Au Tchad, après des années d'attente pour beaucoup dans une misère totale, entre 70 et 80% des près de 10 700 victimes de Hissène Habré ont déjà selon une plate-forme qui regroupe trois associations de victimes de sa présidence entre 1982 et 1990, été indemnisés depuis la mi-février par le gouvernement tchadien, qui a décaissé une somme de 10 milliards de francs CFA. Chaque victime ou ayant-droit a donc reçu une indemnité de quelque 920 000 francs CFA, environ 1 400 euros.

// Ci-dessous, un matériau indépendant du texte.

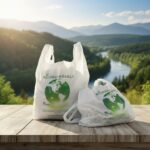 Biodegradable Plastic Shopping Bags with Green Earth Design Sitting on a table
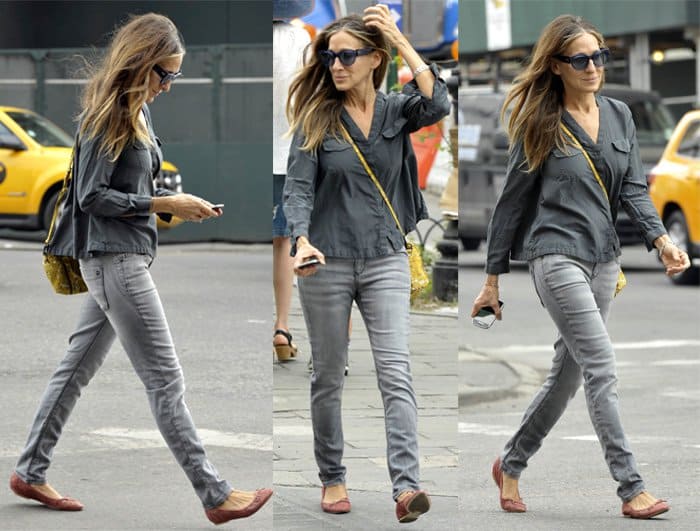 Sarah Jessica Parker walking in Soho on the morning after the Met Gala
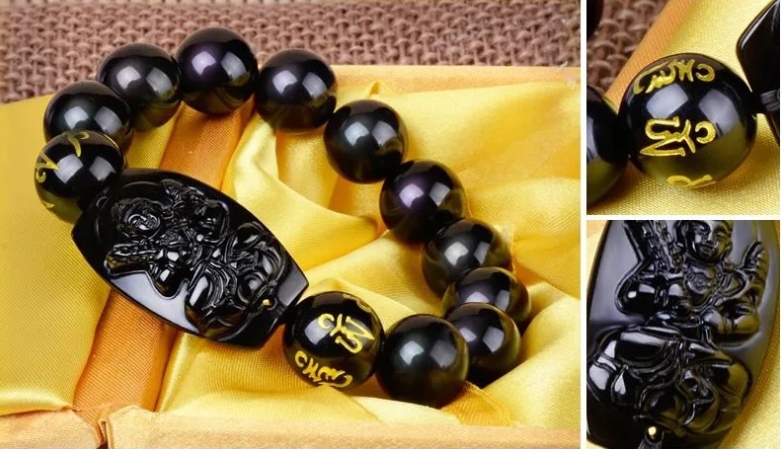 Obsidian Buddha Bracelet 4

On est loin, très loin, des 150 milliards de francs CFA que la cour criminelle de Ndjamena en 2015 et la cour spéciale africaine de Dakar en 2017 avaient accordé au total aux victimes de Hissène Habré, en guise de réparations pour le préjudice subi.
Les 10 milliards disponibilisés par le gouvernement tchadien aujourd'hui ne représentent donc qu'un peu plus de 10% des indemnités fixées dans les deux procédures judiciaires, mais c'est un geste très important qui étaient attendus depuis très longtemps par ces victimes.
« Les victimes de Hissène Habré se sont battus sans relâche pendant 25 ans pour que le dictateur et ses sbires soient traduits en justice, rappelle Reed Brody a été l'un des principaux initiateurs du procès Habré. Cet argent ne représente qu'une petite fraction qui leur était attribuée par les tribunaux. Mais pour les victimes qui ont attendu si longtemps et qui sont dans une situation désespérée, ce paiement fait déjà une énorme différence dans leurs vies. »
Cette somme a soulagé un tant soit peu les victimes. Maintenant, on est en train de chercher à obtenir une deuxième opération. C'est ça notre préoccupation, parce qu'hier, ils n'avaient pas d'espoir. Ils étaient désespérés et cette opération a fait renaître l'espoir.
Esdras Ndikumana Le gouvernement tchadien doit faire un effort supplémentaire, car ces 10 milliards ne représentent, toujours selon Reed Brody qu'un cinquième de la somme que devra débourser l'état tchadien pour l'indemnisation des victimes de Habré. Le reste des 150 milliards ? Le tribunal spécial de Dakar avait chargé l'Union africaine (UA) de créer un fond fiduciaire qui devait mobiliser ces fonds. Mais cela n'a pas encore été fait, huit ans après ce procès.